Erin Walden, News and Tribune Education Reporter

SELLERSBURG — Just shy of a year from when it first made its decision, the West Clark Community Schools board of trustees has officially submitted a plan for separation to the Indiana State Board of Education.

The school board voted last November for the Silver Creek campus to secede from the district after a proposed referendum for $95 million was turned down by voters.

It’s taken this long for board members to hash out the details of the plan, which covers everything from names of the two new school districts to boundaries to debt service rates. 

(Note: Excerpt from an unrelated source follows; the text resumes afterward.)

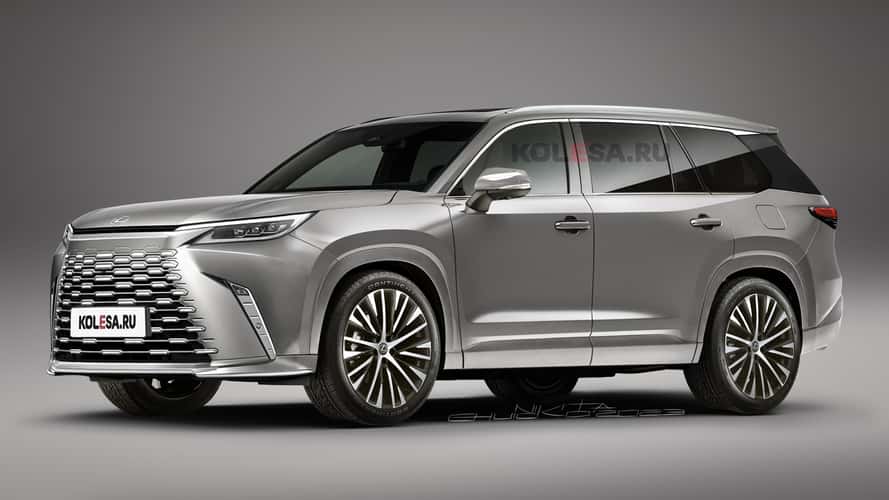 Lexus TX Rendered As Posh Toyota Grand Highlander Ahead Of Debut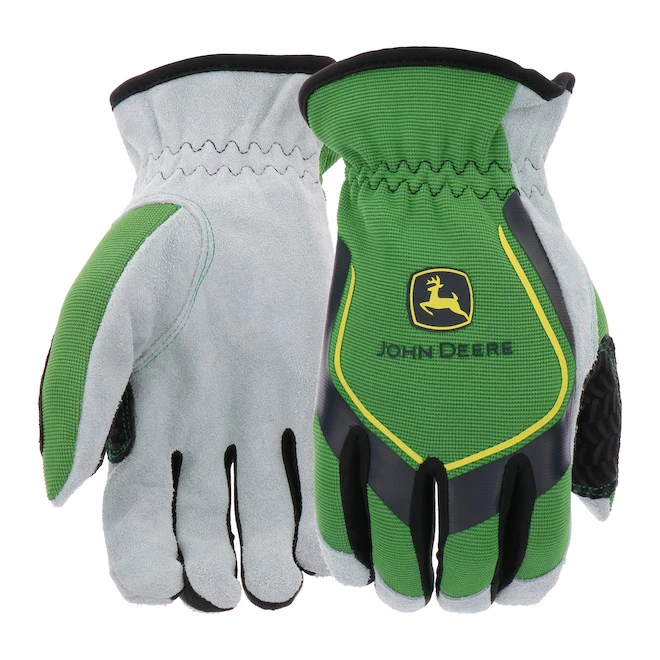 John Deere Men Leather Glove Large - Image 3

At a meeting in early September, the first version of the plan was brought to the board. Board vice president Brian Hurst took issue with several sections, including the notion that Henryville and Borden schools hope to focus on vocational training. In the next meeting, also in September, the board as whole combed through the plan and directed attorney Jonathan Mayes on what to alter.

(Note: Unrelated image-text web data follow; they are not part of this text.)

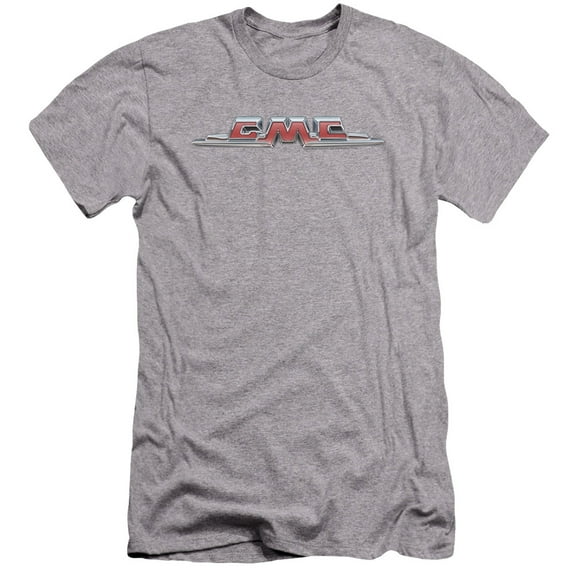 Gmc - Chrome Logo - Premium Slim Fit Short Sleeve Shirt - Medium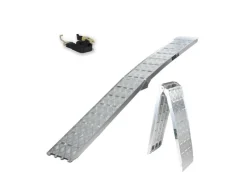 1 x Auffahrrampe Klappbar 226 cm Traglast 680 kg Alu Grau*TRUTZHOLM Best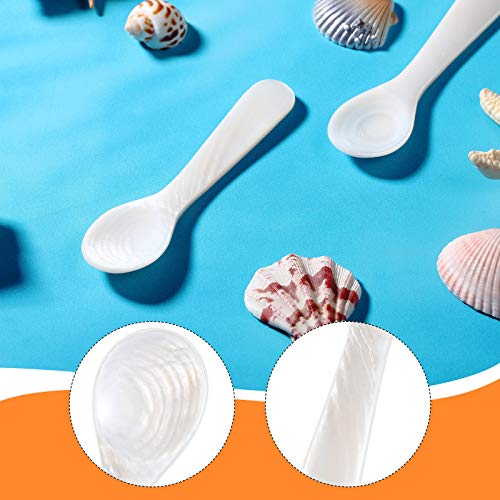 Patelai 40 Pieces Mother of Pearl Caviar Spoons Round Handle, 7cm/2.75 Inch 2.75 inches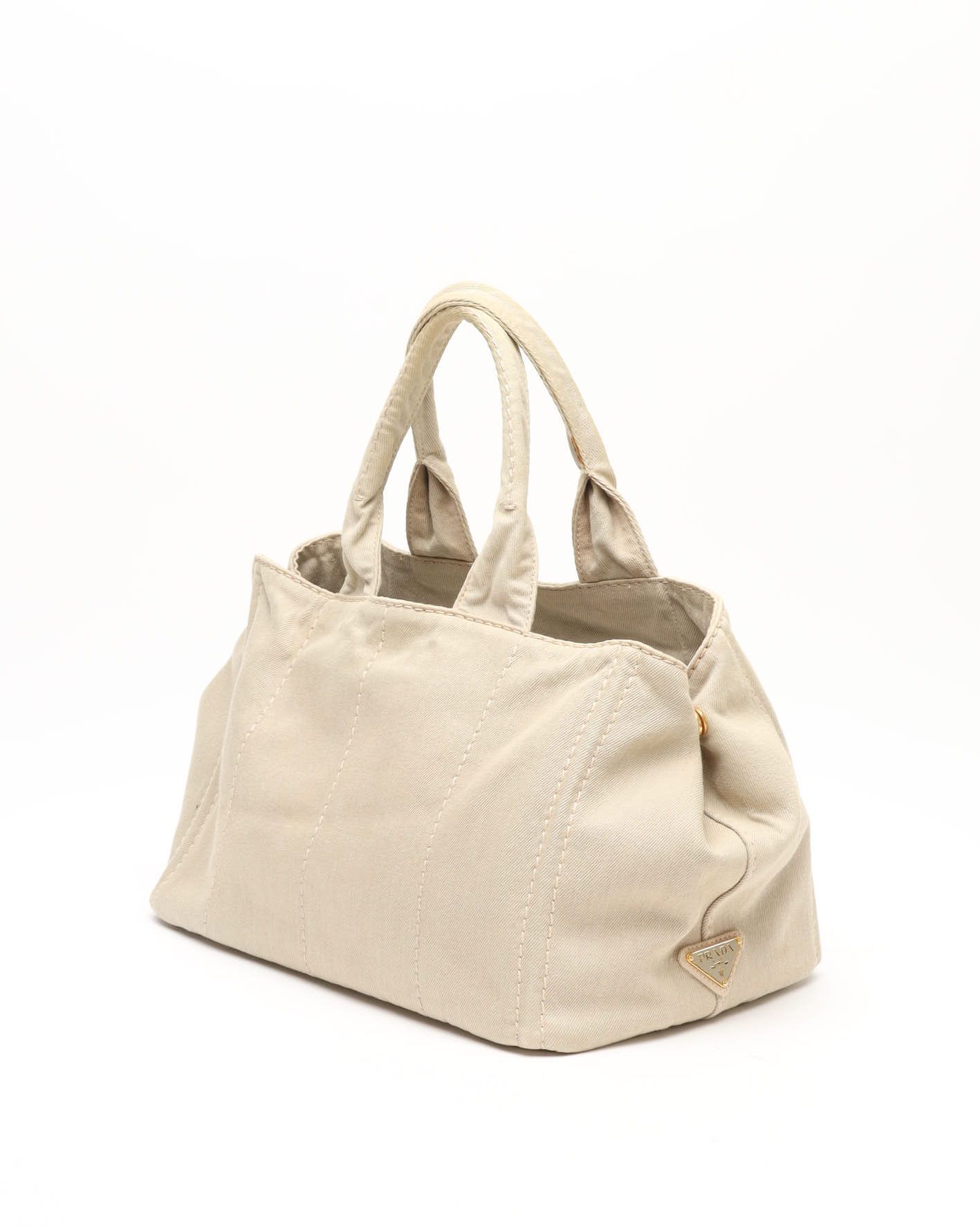 Prada Small Canapa Bag In Sand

Some of these changes made it into the finalized plan. For example, the history of the district has been expanded to include recent events, including the rebuilding of the Henryville campus after the 2012 tornado, the passing of $31.6 million in bonds in 2007 to build Silver Creek Primary School and expand other schools and the passing of $51.5 million in 2001 to expand and renovate Borden and Henryville campus buildings, construct Silver Creek Middle School and expand Silver Creek Elementary.

The way the new boards would be configured was also changed, with the board members representing the new district’s geography, with one other member they select, picking new members to fill the board.

The boundaries — which have been hotly contested — were called into question by Hurst.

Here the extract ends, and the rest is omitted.